Demand for the so-called Aussie was also damped after Australian Treasurer Wayne Swan said a budget surplus for the 2012-2013 year was unlikely. New Zealand’s dollar, nicknamed the kiwi, touched a one-week low versus the greenback after data showed the nation’s gross domestic product grew less than forecast in the third quarter.
“Another 24 hours goes by and we still don’t have any concrete development on the fiscal cliff with the end of the year not far away,” said Robert Rennie, chief currency strategist at Westpac Banking Corp. in Sydney. “That’s one good argument for a lower Aussie.”

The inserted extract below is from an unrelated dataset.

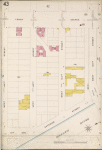 Manhattan, V. 11, Plate No. 43 [Map bounded by Lenox Ave., W. 145th St., Harlem River, W. 142nd St.]
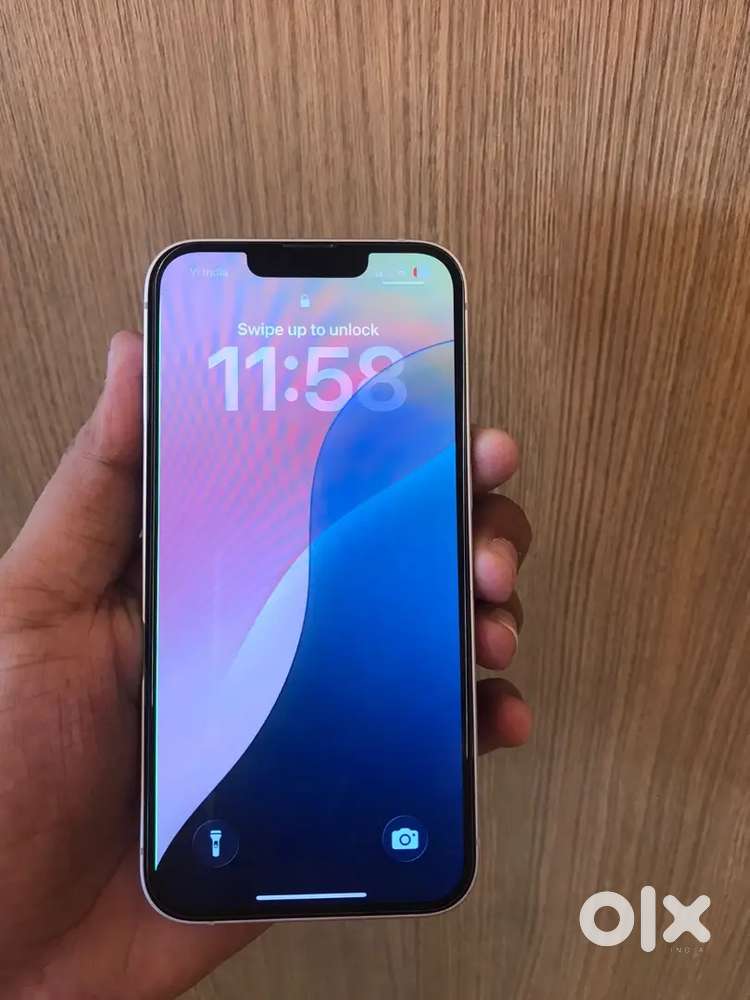 14 128GB PURPLE 84% Battery Health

Australia’s currency was little changed at $1.0477 as of 4:25 p.m. in Sydney after falling 0.8 percent in the previous three days. The so-called Aussie dropped 0.5 percent to 88.03 yen.
The New Zealand dollar touched 83.31 U.S. cents, the lowest since Dec. 10, before trading at 83.51, 0.1 percent above yesterday’s close in New York. It slipped 0.3 percent to 70.17 yen.
Australian government bonds climbed, with 10-year debt yields dropping three basis points to 3.36 percent. New Zealand’s two-year swap rate, a fixed payment made to receive a floating rate, added 2 basis points to 2.72 percent.
Officials in President Barack Obama’s administration told leaders of business and financial services groups that negotiations with House Speaker John Boehner over the fiscal cliff of tax increases and spending cuts have deteriorated, according to a person familiar with the matter.
Australia’s Swan said that tax receipts in the first few months of the fiscal year are “well below our forecasts.”
“What we’ve seen is a sledgehammer hit our revenues,” he said at a press briefing in Canberra.
New Zealand’s GDP rose 0.2 percent in the three months ended Sept. 30 from the previous quarter, the statistics bureau said today. The figure was half the 0.4 percent gain forecast by economists in a Bloomberg News survey and compares with a revised 0.3 percent expansion in the second quarter. Growth matched the central bank’s 0.2 percent forecast.
“The GDP figures came in a shade below expectations,” said Mike Jones, a currency strategist at Bank of New Zealand in Wellington. “The market is well aware that the third quarter was a bit of a speed wobble in the New Zealand economic recovery, and the more timely forward-looking indicators are quite solid.”
New Zealand’s dollar has strengthened 4.8 percent this year, the biggest increase among the 10 developed-nation currencies tracked by Bloomberg Correlation-Weighted Indexes. The Aussie has fallen 0.4 percent over the same period, while the yen is down 12 percent, the worst performer.
New Zealand Finance Minister Bill English said the nation’s growth outlook is attracting foreign bond investors, helping propel the year’s strongest-performing Group of 10 currency.
“Other people seem to see our prospects as reasonable and therefore they’re buying the currency,” English said in an interview yesterday.
The so-called Aussie and kiwi fell against the yen after technical indicators signaled recent gains in the South Pacific currencies were poised to reverse. The Australian dollar’s 14-day relative strength indicator against the yen was at 70, the level that suggests an asset is about to change direction, while the equivalent gauge for New Zealand’s currency was at 71.